May 17th, 2008

About

I’m a video game developer. Games have been my entire life. I played a few games on early computers, but my I was changed forever on Christmas of 1988. At age 6, my sister and I received a device that shaped the rest of my life: a Nintendo Entertainment System. I still remember feeling puzzled at this foreign almost alien device that entered my universe. I had never heard of it or seen anything like it. It didn’t take me too many games of Super Mario Bros. to realize what a wonderful device this was. My parents were kind enough to get me a Mac Classic II that they let me keep in my room. At 9, I started making games in Microsoft Quick Basic. I also got a program called “World Builder” that allowed me to make the equivalent of text based adventure games with still backgrounds for each room and  graphics for objects that you picked up. I never stopped designing games. Since then, I’ve been voraciously consuming any and all information about gaming and game development. I went to University of Michigan College of Engineering and graduated a year early with a Computer Science, so I could start making games.  

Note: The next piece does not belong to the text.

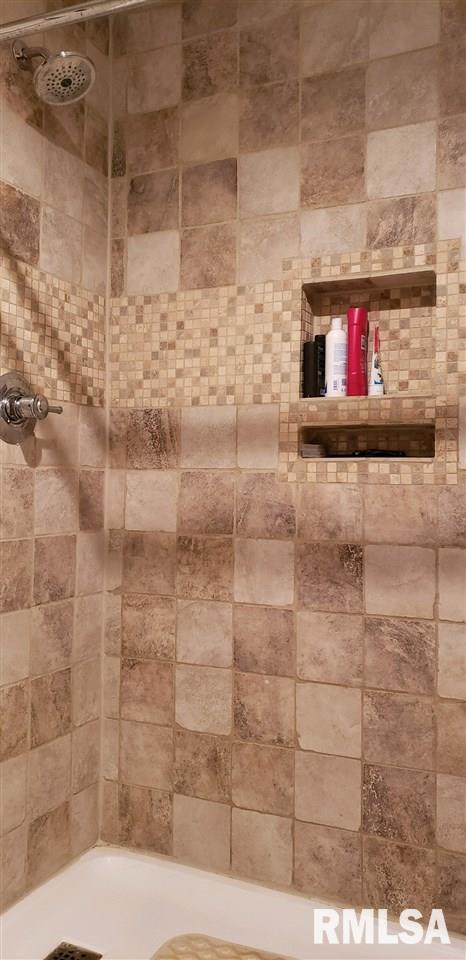 674 South Ridgeview Lane Peoria, IL 61604 - Photo 5 of 21 Gallery Image 5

Games can change the world. I want to be a part of this. I want my life’s work to mean something. One hundred years ago, the literary critic equivalent of Roger Ebert swore that film would never become art. What have we seen in the past 100 years of film? Citizen Kane, Paths of Glory, The Godfather II, Taxi Driver, The Elephant Man, and Brazil. What will we see in the next 100 years of video games? It was equally hard for Edwin S. Porter to see what film would be in 100 years when he was making “Dream of a Rarebit Fiend” in 1906. All I know is I’m glad to be a part of the industry!